GIVEN INFORMATION below:

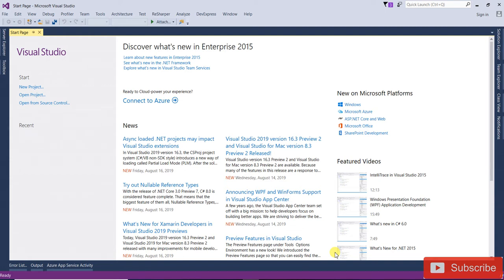In this video we will learn bundling and minification in ASP.NET MVC with an example, and how to optimize and improve performance of an ASP.NET MVC website using bundling and minification. Bundling and minification are new features in ASP.NET MVC that help us reduce the overall load time of a website.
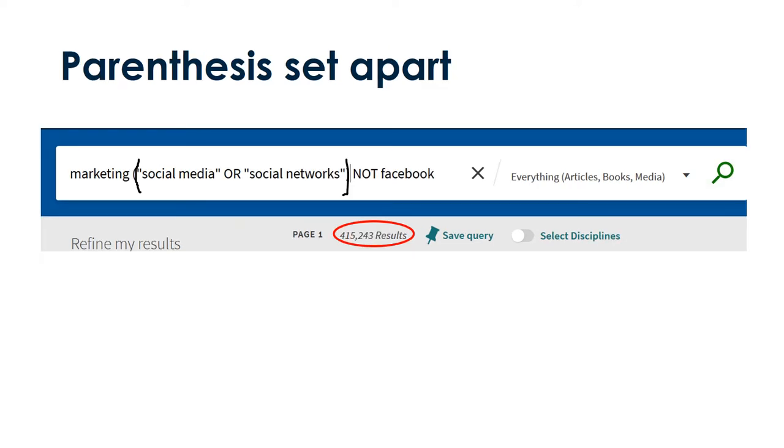Ready for some advanced techniques? Try the parentheses. In this search, I tell Primo I want marketing about social media or social networks, but not Facebook. As you can see, using parentheses got me down to just over 400,000 results, when every other search was over 1 million.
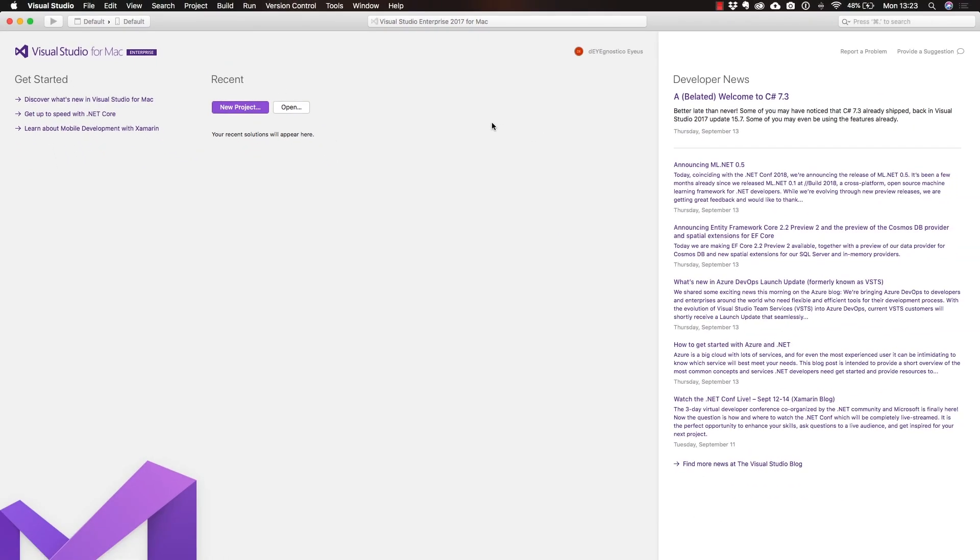There you have it. In the next lecture, we're going to take a look at how you can install on Windows, but if you're not going to be using Windows, you're entirely good to go. In the lecture after the next lecture, we're going to be starting right away by creating a new project here on Mac.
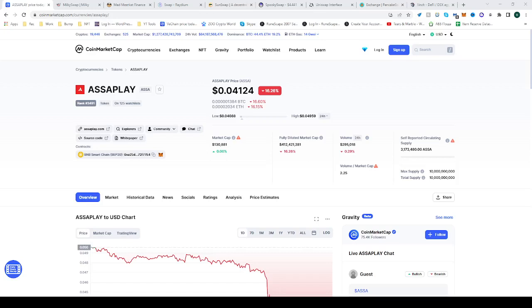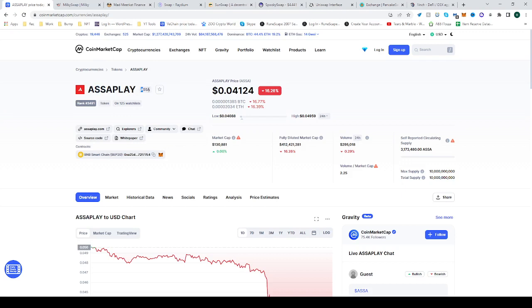In this video I'll be showing you how to buy the ASAPLAY token, A-S-S-A-P-L-A-Y. Go to CoinMarketCap and find ASAPLAY.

End of GIVEN INFORMATION.

» PROBLEM REQUIREMENTS
The data above must be given back verbatim, minus its images.

» EXERCISE SOLUTION
In this video we will learn bundling and minification in ASP.NET MVC with an example, and how to optimize and improve performance of an ASP.NET MVC website using bundling and minification. Bundling and minification are new features in ASP.NET MVC that help us reduce the overall load time of a website.
Ready for some advanced techniques? Try the parentheses. In this search, I tell Primo I want marketing about social media or social networks, but not Facebook. As you can see, using parentheses got me down to just over 400,000 results, when every other search was over 1 million.
There you have it. In the next lecture, we're going to take a look at how you can install on Windows, but if you're not going to be using Windows, you're entirely good to go. In the lecture after the next lecture, we're going to be starting right away by creating a new project here on Mac.
In this video I'll be showing you how to buy the ASAPLAY token, A-S-S-A-P-L-A-Y. Go to CoinMarketCap and find ASAPLAY.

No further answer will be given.